MG – Acampamento Maria da Conceição sofre ameaças e violações ambientais causadas pela mineração
UF: MG
Município Atingido: Itatiaiuçu (MG)
População: Agricultores familiares, Trabalhadores rurais sem terra
Atividades Geradoras do Conflito: Mineração, garimpo e siderurgia
Impactos Socioambientais: Alteração no regime tradicional de uso e ocupação do território, Falta / irregularidade na demarcação de território tradicional, Invasão / dano a área protegida ou unidade de conservação
Danos à Saúde: Insegurança alimentar, Piora na qualidade de vida
Síntese
O acampamento Maria da Conceição, localizado a aproximadamente 78 quilômetros da capital mineira, Belo Horizonte, é prioritariamente organizado por mulheres do Movimento dos Trabalhadores Rurais Sem Terra (MST), sendo um dos maiores produtores de hortaliças, frutas e legumes orgânicos da região. Conta também com uma escola e diferentes atividades culturais que fortalecem as atividades no campo.
A área está sendo alvo de especulação imobilária para fins mineráros. Antes da ocupação, pertencia à empresa Mineração e Metálicos S.A. (MMX), do Grupo EBX, do empresário Eike Batista. As terras encontravam-se abandonadas e a MMX falida. O MST apontou que a área sofreu constantes violações ambientais com a atividade mineradora frequente em seu solo. Em 2019, a ocupação continua sendo alvo de ameaças.
Contexto Ampliado
O acampamento Maria da Conceição está localizado no município de Itatiaiuçu, interior de Minas Gerais, a aproximadamente 78 quilômetros da região metropolitana de Belo Horizonte. Resultado da luta da Jornada das Mulheres do Movimento dos Trabalhadores Rurais Sem Terra (MST), o acampamento tem sido mantido com trabalho e organização coletiva, garantindo a produção de alimentos, construção de barracos e organização dos núcleos de base das famílias, além do forte envolvimento com a construção da Escola do Campo.
De acordo com o site Planeta MG, o acampamento Maria da Conceição teve sua fundação no dia 08 de março de 2017, Dia Internacional das Mulheres, durante a Jornada Nacional de Lutas das Mulheres. A ocupação foi organizada por mulheres do MST e famílias ligadas ao movimento. Segundo o jornal Brasil de Fato, há aproximadamente 600 pessoas na ocupação.

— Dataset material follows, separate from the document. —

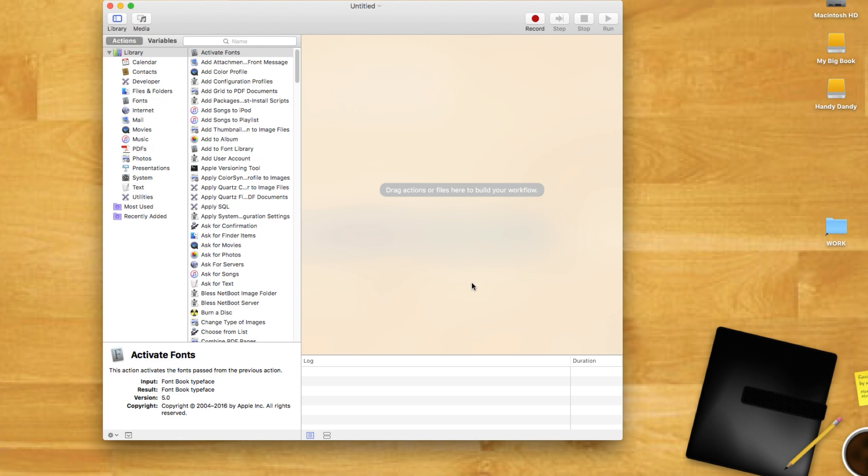You can also create applications that can be run outside of Automator for later use, or services that run from the context menu.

Na área onde hoje é o acampamento, tem sido realizado um importante trabalho de recuperação da terra, antes abandonada, improdutiva e desmatada. No local, agora são produzidas hortaliças, frutas, verduras e legumes. As hortas particulares ou comunitárias são livres de agrotóxicos, fertilizantes químicos mistos e sementes transgênicas. Utilizam o princípio da sustentabilidade, agroecologia e cultivo de alimentos saudáveis, totalmente orgânicos, desde o preparo da terra, a semeadura, com grãos crioulos, até a colheita manual. O acampamento abastece Belo Horizonte com alimentos orgânicos e sustenta as famílias ali residentes e organizadas em núcleos. Assim como outros acampamentos do MST, cada núcleo é responsável por realizar tarefas específicas que cada família executa em favor da comunidade, numa divisão coletiva do trabalho. Todos participam da construção nos lotes familiares quando os acampados não têm condições financeiras de erguerem seu próprio barraco.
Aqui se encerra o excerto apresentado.